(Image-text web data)
──────────
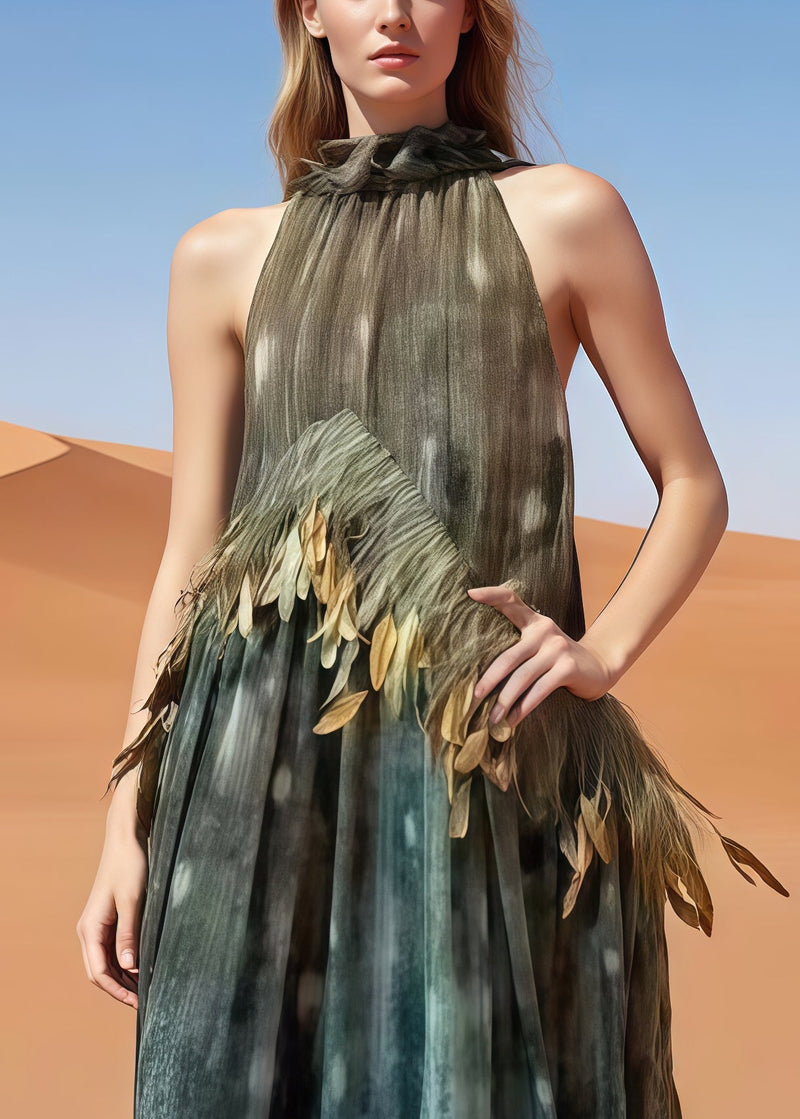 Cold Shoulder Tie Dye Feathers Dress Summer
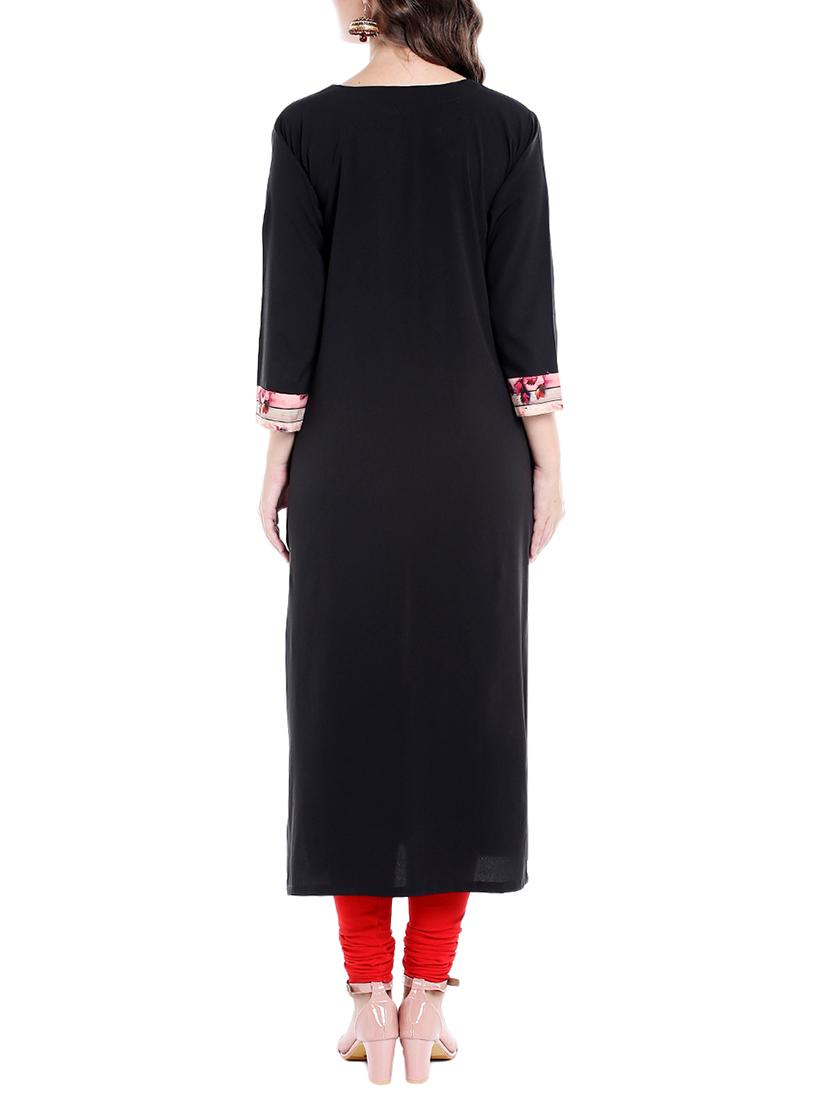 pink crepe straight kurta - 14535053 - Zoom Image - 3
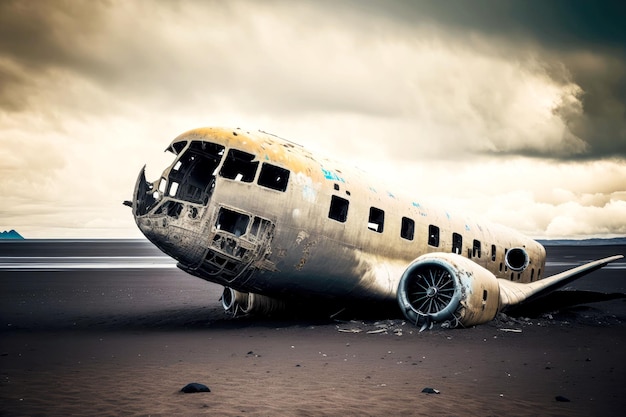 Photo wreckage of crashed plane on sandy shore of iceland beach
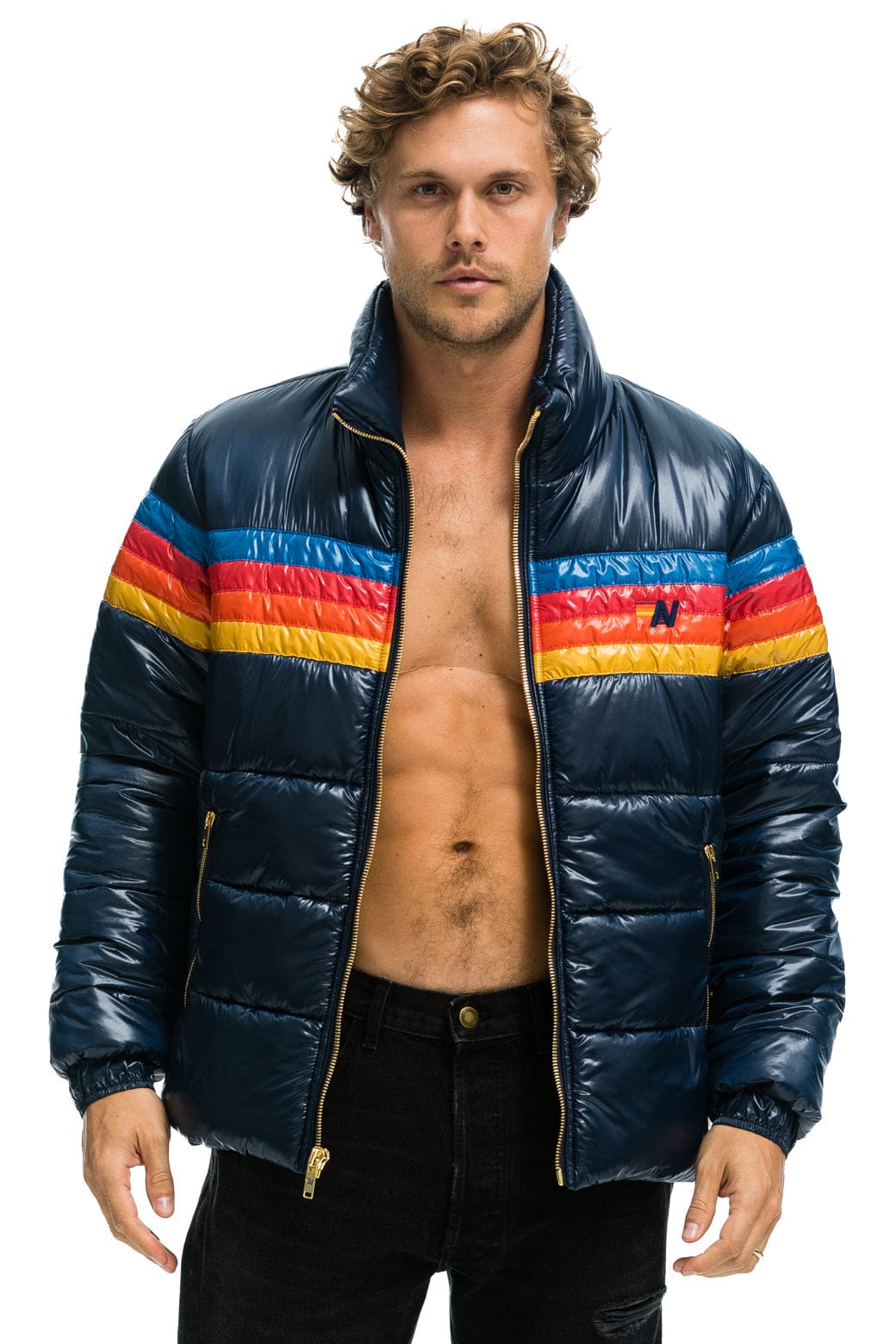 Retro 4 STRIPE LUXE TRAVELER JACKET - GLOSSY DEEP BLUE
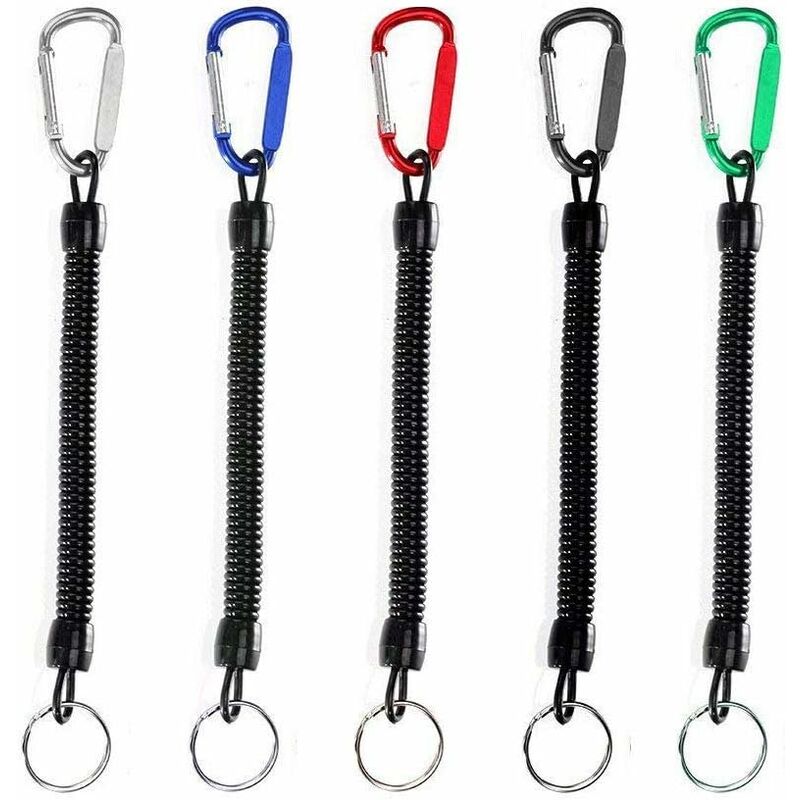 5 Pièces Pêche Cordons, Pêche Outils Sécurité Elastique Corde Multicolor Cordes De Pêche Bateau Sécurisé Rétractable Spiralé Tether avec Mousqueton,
──────────
## Exercise description
Reprint all the data above verbatim, excluding pictures.

## Answer box
 Cold Shoulder Tie Dye Feathers Dress Summer
 pink crepe straight kurta - 14535053 - Zoom Image - 3
 Photo wreckage of crashed plane on sandy shore of iceland beach
 Retro 4 STRIPE LUXE TRAVELER JACKET - GLOSSY DEEP BLUE
 5 Pièces Pêche Cordons, Pêche Outils Sécurité Elastique Corde Multicolor Cordes De Pêche Bateau Sécurisé Rétractable Spiralé Tether avec Mousqueton,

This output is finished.